12. An apparatus for engaging an obturator in the central passageway of a tool connected to a tubing string at a subterranean location, the apparatus comprising:
an annular-shaped body positioned in the central passageway of the tool and configured to deform from a larger internal diameter expanded shape to a smaller internal diameter contracted shape, the body comprising a seat having a surface of a size and shape to engage the obturator when the body is in the contracted shape; and
a frangible shield mounted on the body when the body is in the expanded shape so that the frangible shield abuts the obturator engaging surface of the seat, wherein the frangible shield is adapted to break up as the body is deformed from the expanded shape to the contracted shape.
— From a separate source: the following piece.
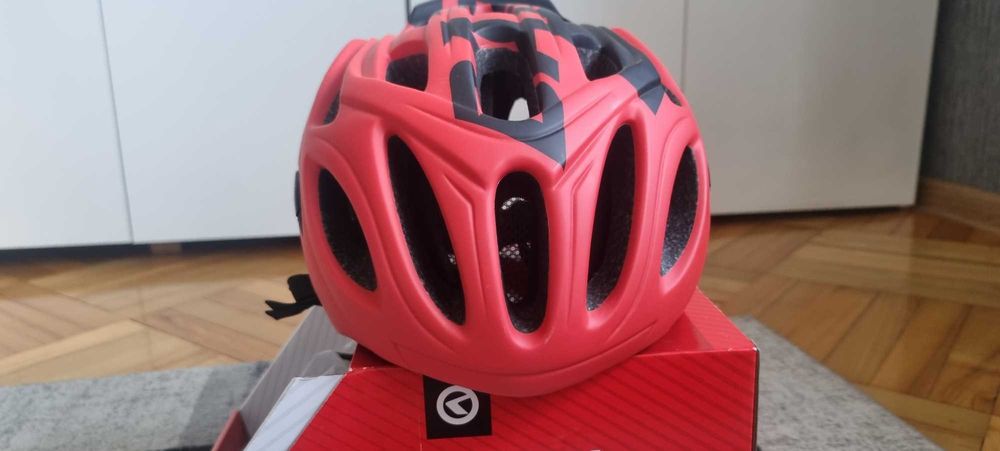 Kask rowerowy KELLYS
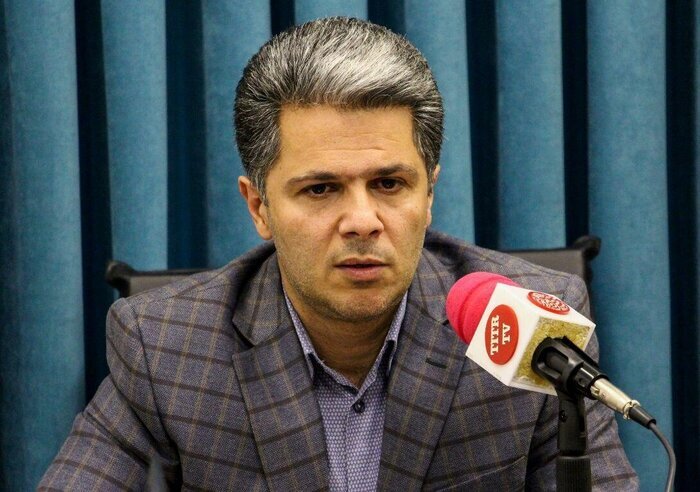 تهدید معدنکاران مازندران زیر سایه ضعفهای ایمنی تهدید معدنکاران مازندران زیر سایه ضعفهای ایمنی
23. A method for engaging an obturator moving through the central bore of a tool connected to a tubing string at a subterranean location, the method comprising:
providing an annular-shaped body deformable from a larger internal diameter expanded shape to a smaller internal diameter contracted shape, the body comprising a seat having a surface of a size and shape to engage the obturator when the body is in the contracted shape;
mounting a frangible shield on the body when the body is in the expanded shape so that the frangible shield abuts the obturator engaging surface of the seat;
positioning the body on which the frangible shield is mounted in the central bore of the tool; and
deforming the body from the expanded shape to the contracted shape to break up the frangible shield and to deform the seat into the size and shape to engage the obturator.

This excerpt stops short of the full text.